Consider an instance decl like:
instance (Lte a b l,If l b a c) => Max a b c
(This is a real example.) Notice that "l" is used on the LHS of the => but not the RHS. The idea is that "l" will get unified by a functional dependency. But if such a unification re-starts the solving process from scratch, we just get into an infinite loop (apply instance decl, apply fds, unify, start again, apply instance decl again, etc).

Could you give me an example of a goal you had in mind, where this method fails? I tried


(Lte a b l,If l b a c) |- (Max a b c)

but the method works on this.

This reminds me of Prolog, somewhat.
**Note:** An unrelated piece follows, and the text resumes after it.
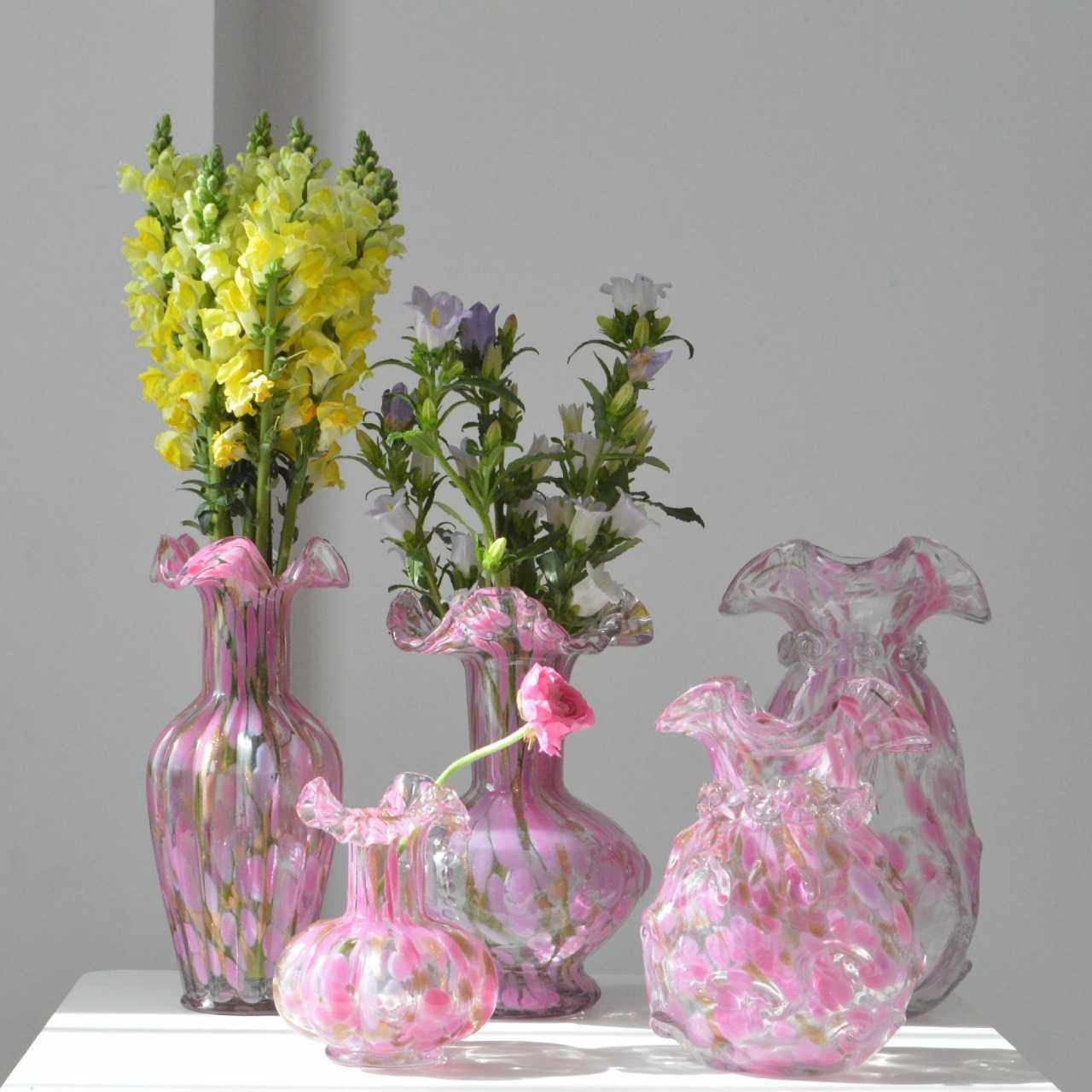 中古风芬顿褶皱花边口粉点洒金纯手工大肚玻璃花瓶水养插花器摆件,淘宝优惠券,粉丝福利购,淘宝优惠卷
I wonder if it would be worth prototyping confluent solvers in Prolog? I might try this actually, as a way of getting a handle on the problem. I'd be especially interested in any "tricky examples" you may have.

On the other hand, does the solver have to be confluent? What if it spawned off different "threads", and gave up after doing a certain amount of "work", which the user could set (like -fcontext-stack)? Provided the "solver thread" scheduling is deterministic, I imagine that every correct program would be solvable in a finite amount of work.

I guess one possibility might be to make such an instance decl illegal.

Nooo!!! My workaround was simply to put the instance declaration in a later module. Then "g" type-checks fine.